Repeat the listing word for word. No pictures belong in the copy.

────────────────────

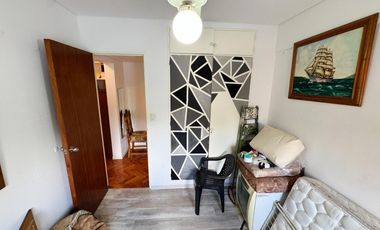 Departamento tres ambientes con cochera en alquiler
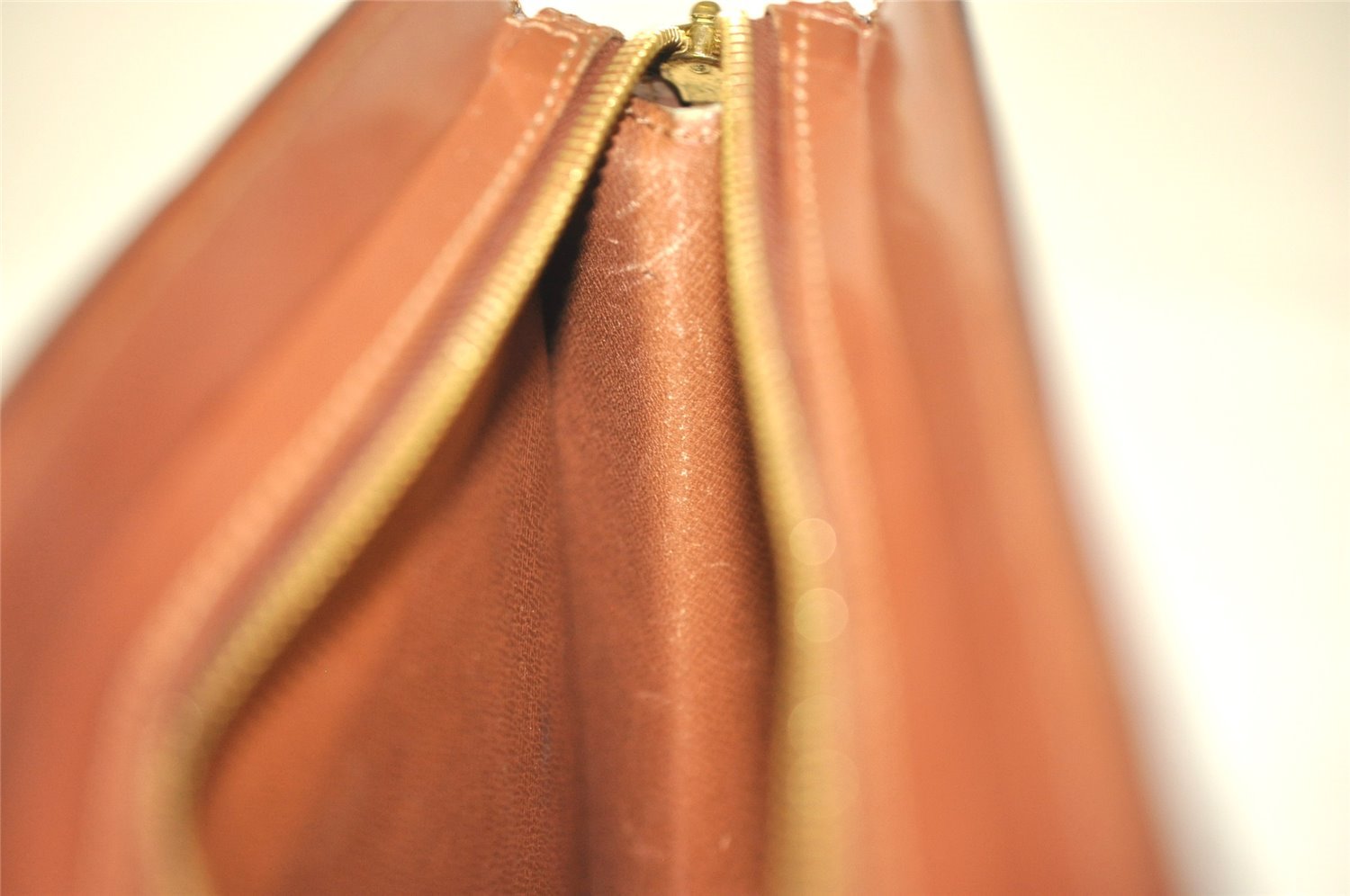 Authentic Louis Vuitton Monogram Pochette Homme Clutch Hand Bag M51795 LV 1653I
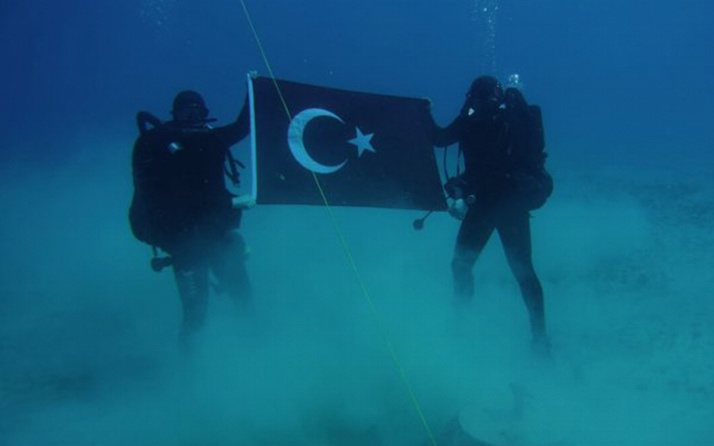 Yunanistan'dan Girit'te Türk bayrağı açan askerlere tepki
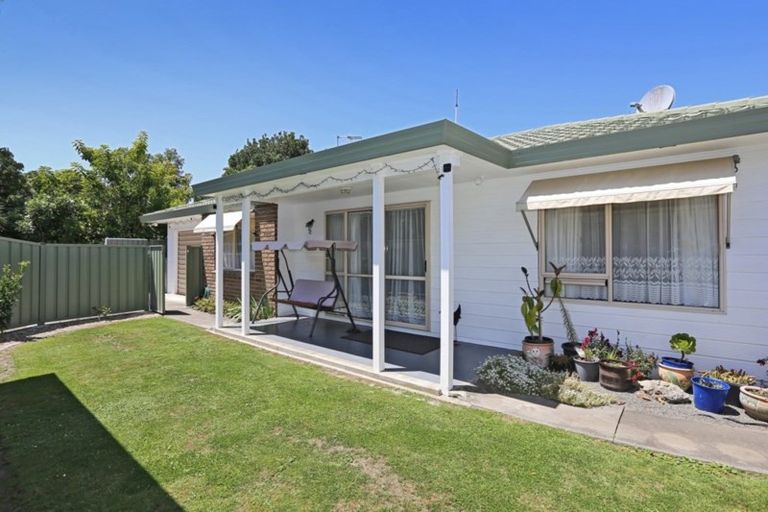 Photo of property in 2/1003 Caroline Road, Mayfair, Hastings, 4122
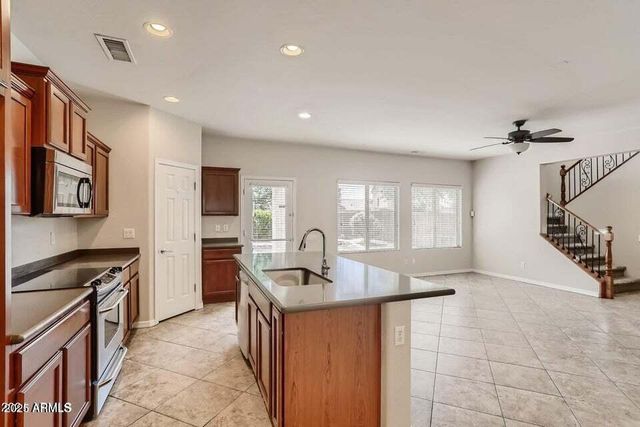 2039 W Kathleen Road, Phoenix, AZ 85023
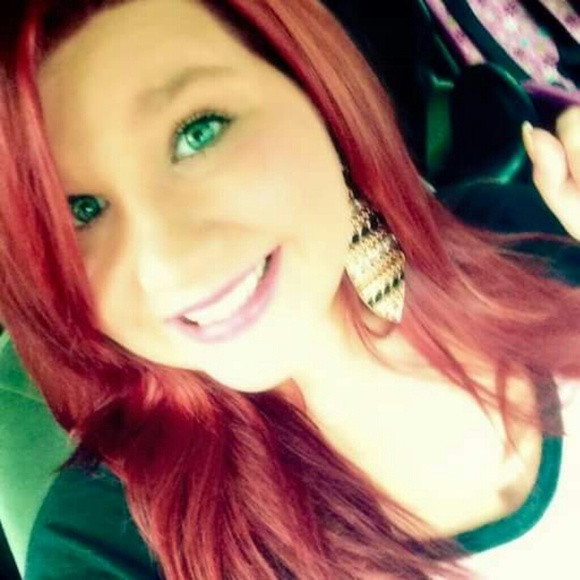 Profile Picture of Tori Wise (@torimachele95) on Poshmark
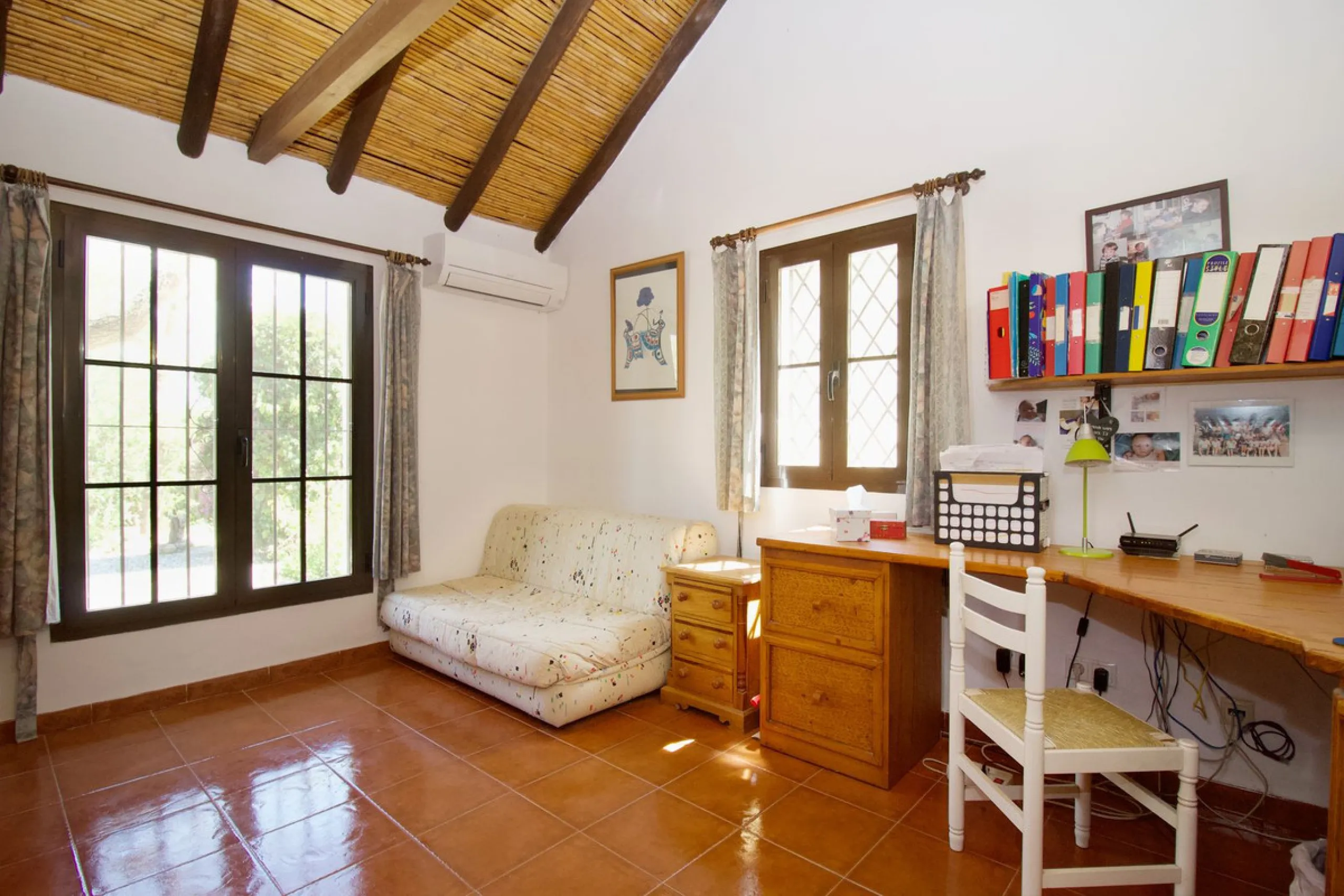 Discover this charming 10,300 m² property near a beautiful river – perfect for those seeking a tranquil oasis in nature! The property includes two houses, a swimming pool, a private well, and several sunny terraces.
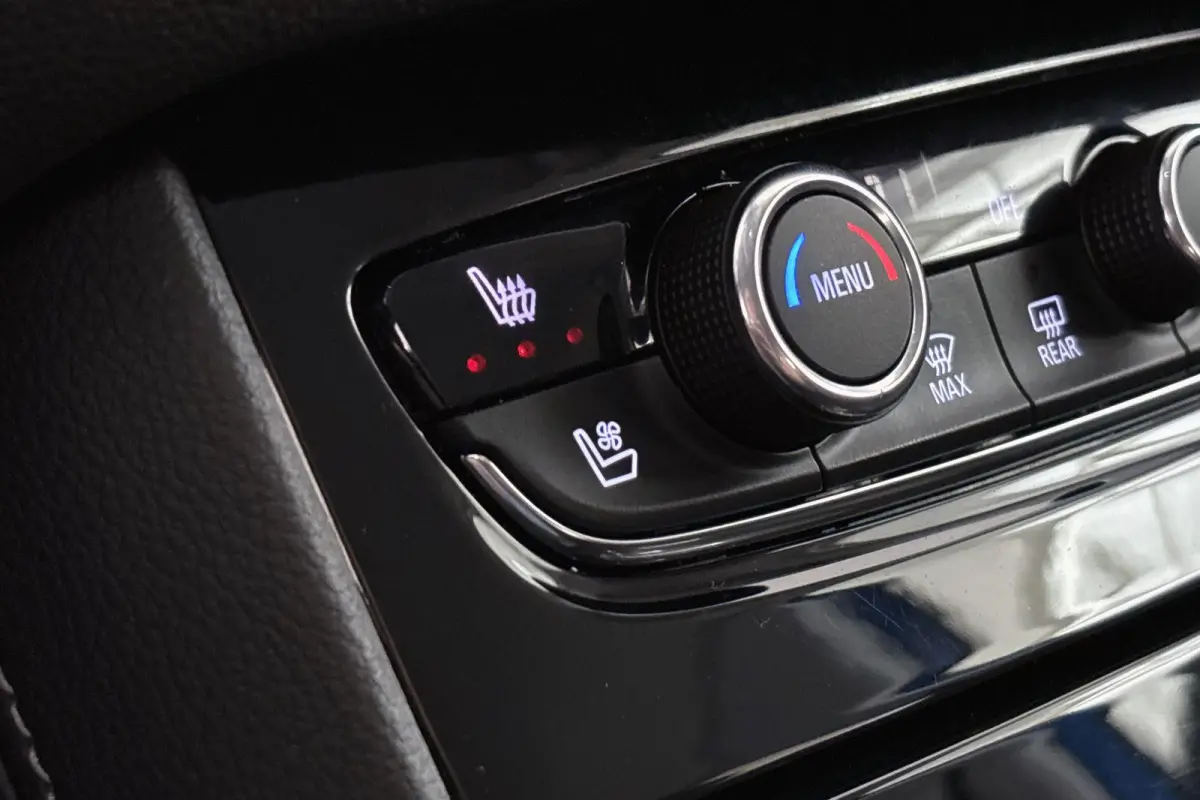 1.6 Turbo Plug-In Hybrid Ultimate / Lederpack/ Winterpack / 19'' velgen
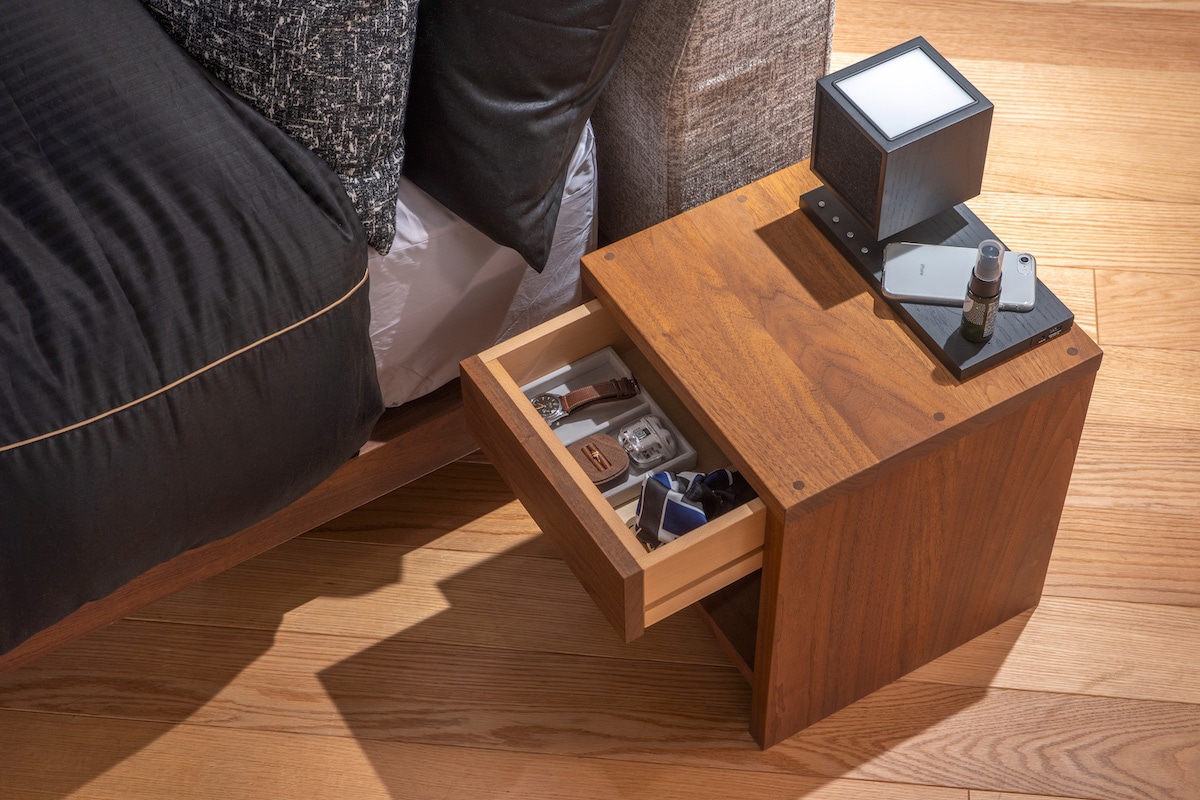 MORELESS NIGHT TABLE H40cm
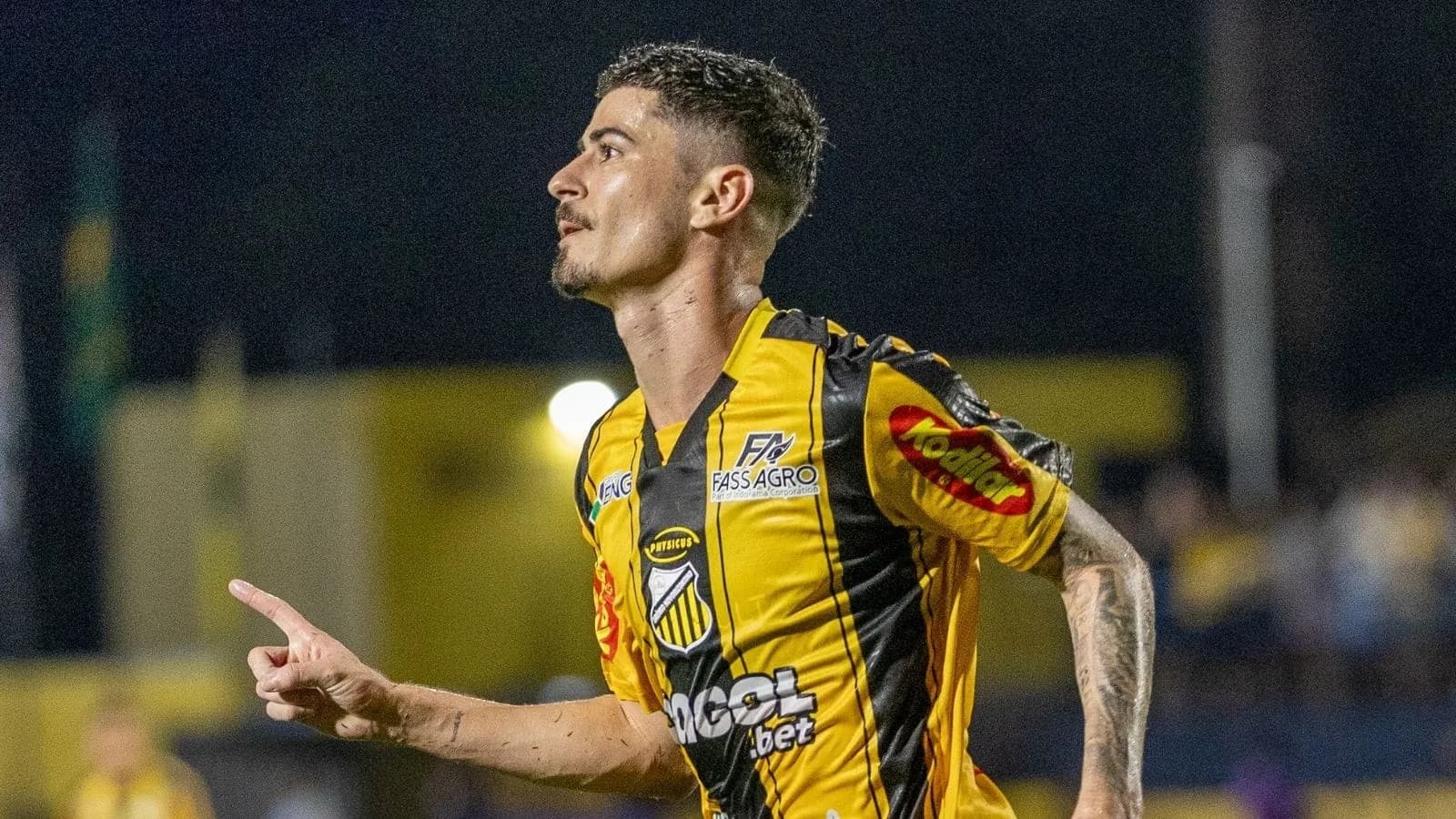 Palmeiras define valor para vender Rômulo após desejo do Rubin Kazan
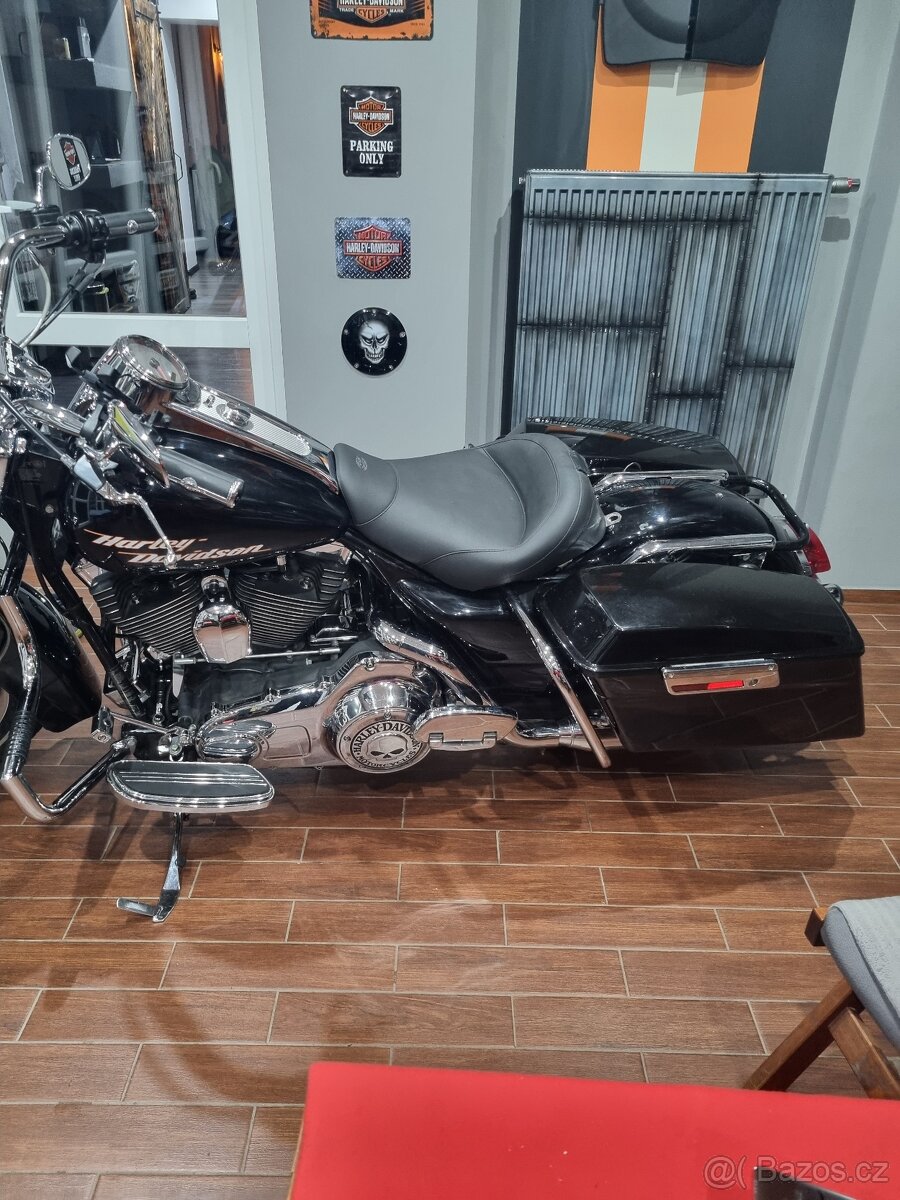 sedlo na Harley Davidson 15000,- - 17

────────────────────

▶ _Response to this exercise_
 Departamento tres ambientes con cochera en alquiler
 Authentic Louis Vuitton Monogram Pochette Homme Clutch Hand Bag M51795 LV 1653I
 Yunanistan'dan Girit'te Türk bayrağı açan askerlere tepki
 Photo of property in 2/1003 Caroline Road, Mayfair, Hastings, 4122
 2039 W Kathleen Road, Phoenix, AZ 85023
 Profile Picture of Tori Wise (@torimachele95) on Poshmark
 Discover this charming 10,300 m² property near a beautiful river – perfect for those seeking a tranquil oasis in nature! The property includes two houses, a swimming pool, a private well, and several sunny terraces.
 1.6 Turbo Plug-In Hybrid Ultimate / Lederpack/ Winterpack / 19'' velgen
 MORELESS NIGHT TABLE H40cm
 Palmeiras define valor para vender Rômulo após desejo do Rubin Kazan
 sedlo na Harley Davidson 15000,- - 17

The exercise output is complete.